They always sneak up on me — “they” means Berkshire weekends.
Invariably, I’m relaxing on the back deck, writing something I want to be writing or reading something I want to be reading, when I notice the Bloomberg headline dated a few hours previous. “Berkshire Hathaway Operating Income …”
This quarter, $7.01 billion was the number after the ellipsis. Net earnings were $11.7 billion (figure below).
The figures shown in the visual (which Warren Buffett encourages investors to ignore), are prone to large swings, with the most spectacular example being Q1 of 2020, when Omaha’s most famous granddad ran up a Nebraska-sized paper loss of almost $50 billion.
Buffett was criticized during the earliest days of the pandemic for… I don’t know, not promising to backstop the US financial system with Berkshire’s balance sheet. Instead, he parachuted out of America’s airlines and spent the rest of the year buying back his own shares. He did other things, but that was the gist of it.
The buybacks continued in Q1. Specifically, Berkshire spent around $6.6 billion buying back its own shares during the period, with the pace decelerating in March from January and February.
“We can’t buy companies or stocks as cheap as we can our own,” Buffett explained, on Saturday. That’s fair enough I suppose.
Berkshire’s cash stash rose to $145.4 billion, up more than 5% from Q4 (figure below).

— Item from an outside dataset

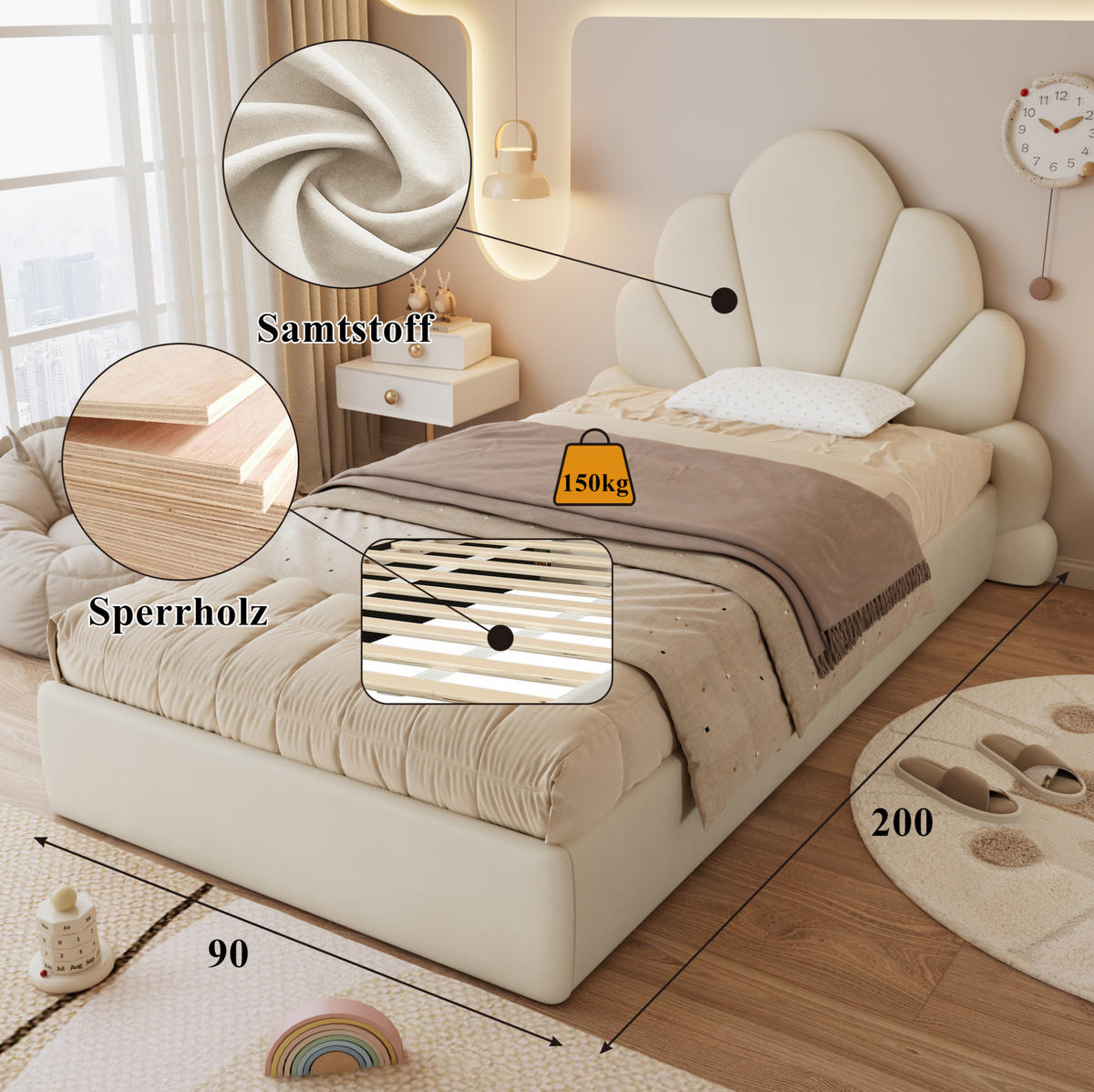 POLSTERBETT 90/200 cm aus Samt mit blütenförmigem Kopfteil Beige - Beige, Textil (90/200cm) - Modenvie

The media flagged nearly $4 billion in net stock sales by Buffett and Charlie Munger in Q1. Munger said he’d rather hold Berkshire than the market.

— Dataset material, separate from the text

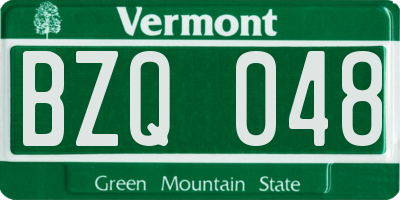 VT license plate BZQ048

For many (probably too many) market participants, Berkshire is synonymous with bellwether and barometer. If Buffett can’t find something to buy, then nothing must be worth buying, the story goes.
Folks were quick to parrot some version of that on Saturday. “If Buffett doesn’t perceive there to be acquisitions available at fair prices and it’s evident, as a net seller of stocks, that he doesn’t see a lot of opportunities in the open market to buy publicly traded stocks, are we looking at cash growing to $175 billion over the course of the next year or so?,” someone wondered, aloud, in an interview with Bloomberg.
I’ll answer that: Maybe. And who cares?
I’m steadfast in my contention that everyday investors are too enamored with Warren. It’s not that folks shouldn’t admire what he’s built, it’s just that the tendency for retail investors to believe they can “invest like Buffett” is woefully misguided. Put simply (and “put” is a kind of double entendre there), he runs a massive hedge fund built atop Berkshire’s float. I’d roll out the old “don’t try this at home” quip, but it’s meaningless here because you can’t — try that at home, I mean.
Other highlights from Berkshire’s annual shareholder meeting included Buffett deriding SPACs and claiming he and Munger have “never had an argument in 62 years.”
But the best part was undoubtedly 97-year-old Charlie delivering what might fairly be described as one of the most scathing assessments of Bitcoin anyone’s ever heard. I’ll just present that (below) without further comment.
Of course I hate the bitcoin success. I don’t welcome a currency that’s so useful to kidnappers and extortionists and so forth, nor do I like just shuffling out of your extra billions of billions of dollars to somebody who just invented a new financial product out of thin air. I think I should say modestly that the whole damn development is disgusting and contrary to the interests of civilization. It’s really kind of an artificial substitute for gold. And since I never buy any gold, I never buy any bitcoin. Bitcoin reminds me of what Oscar Wilde said about fox hunting. He said it was the pursuit of the uneatable by the unspeakable.